DynaRend integrates visual-conditioned diffusion-based view synthesis (See3D) into the rendering-based pretraining pipeline. This design enables high-quality novel-view generation from a minimal number of real-world cameras, eliminating the dependence on dense multi-view rigs or simulator-rendered images that limit prior methods’ applicability outside simulation. By reducing the hardware and data requirements, DynaRend makes 3D rendering-based pretraining practically deployable in real-world robotic systems.
Extensive evaluations on RLBench, the Colosseum benchmark (12 perturbation types), and six diverse real-world manipulation tasks consistently show that our approach yields higher success rates and substantially improved robustness to appearance, geometry, and viewpoint shifts compared to state-of-the-art baselines. Notably, on Colosseum, DynaRend improves over the previous best (3D-MVP) by 18.2%, and in real-world unseen distractor tests, our policy’s performance drops by only 21%, compared to a 57% drop for RVT-2. These results confirm that the combination of 3D-aware masked future prediction and diffusion-based view augmentation provides a meaningful and transferable advance in representation learning for robot manipulation.

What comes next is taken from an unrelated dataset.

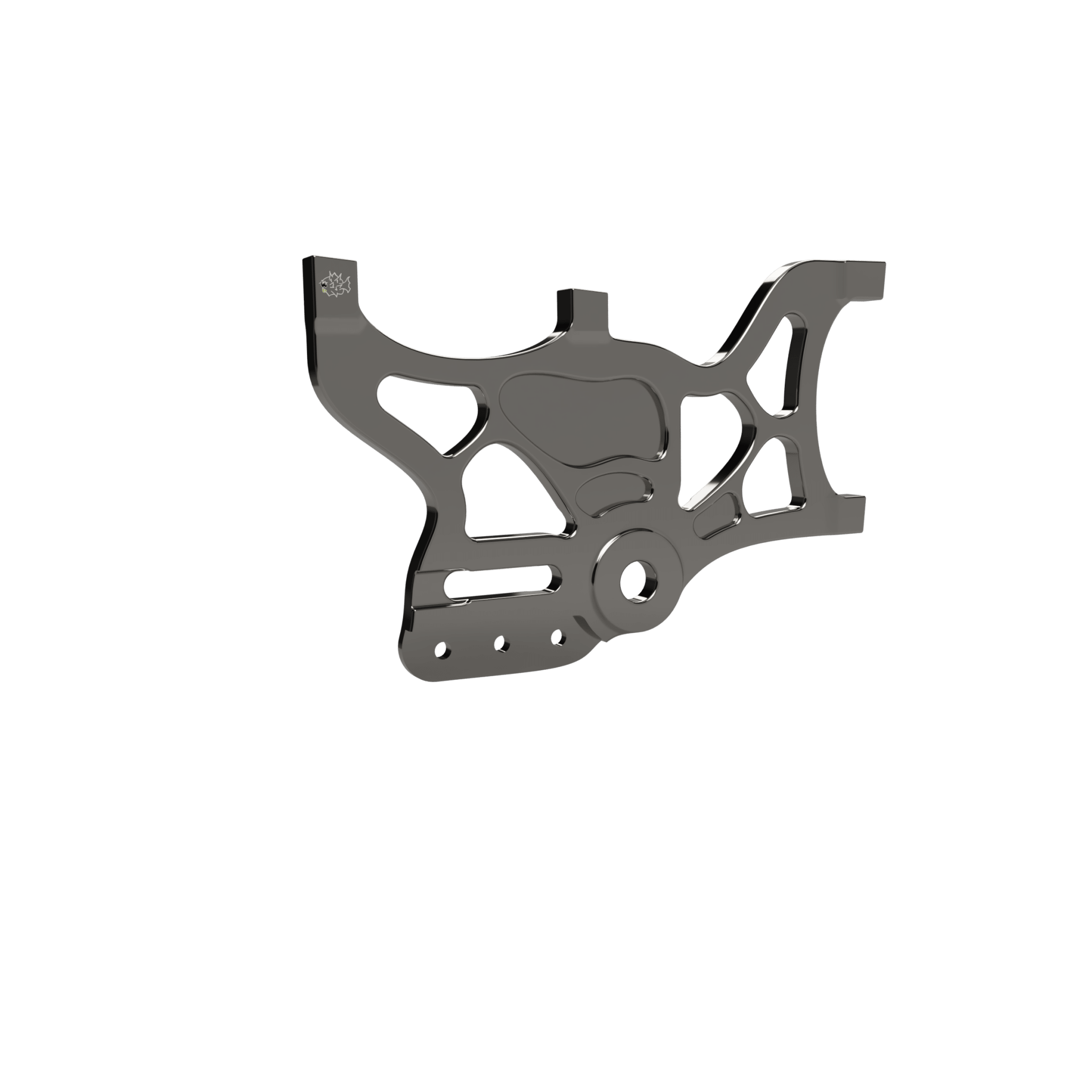 Prickly Motorsports 220mm Rear Dual Caliper Mount - Pinned Electric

Thank you again for your constructive and detailed feedback. We hope our responses have addressed your concerns, and we will incorporate the above clarifications and improvements in the final version. Please let us know if you have further questions — we will be actively available throughout the rebuttal period and would greatly appreciate your reconsideration of our work.

references:
[1] THE COLOSSEUM: A Benchmark for Evaluating Generalization for Robotic Manipulation, 2024.
[2] DROID: A Large-Scale In-the-Wild Robot Manipulation Dataset, 2024.
[3] Video Prediction Policy: A Generalist Robot Policy with Predictive Visual Representations, 2025.

2025-08-05

Thank you to the authors for their clarification. However, I still have some remaining questions.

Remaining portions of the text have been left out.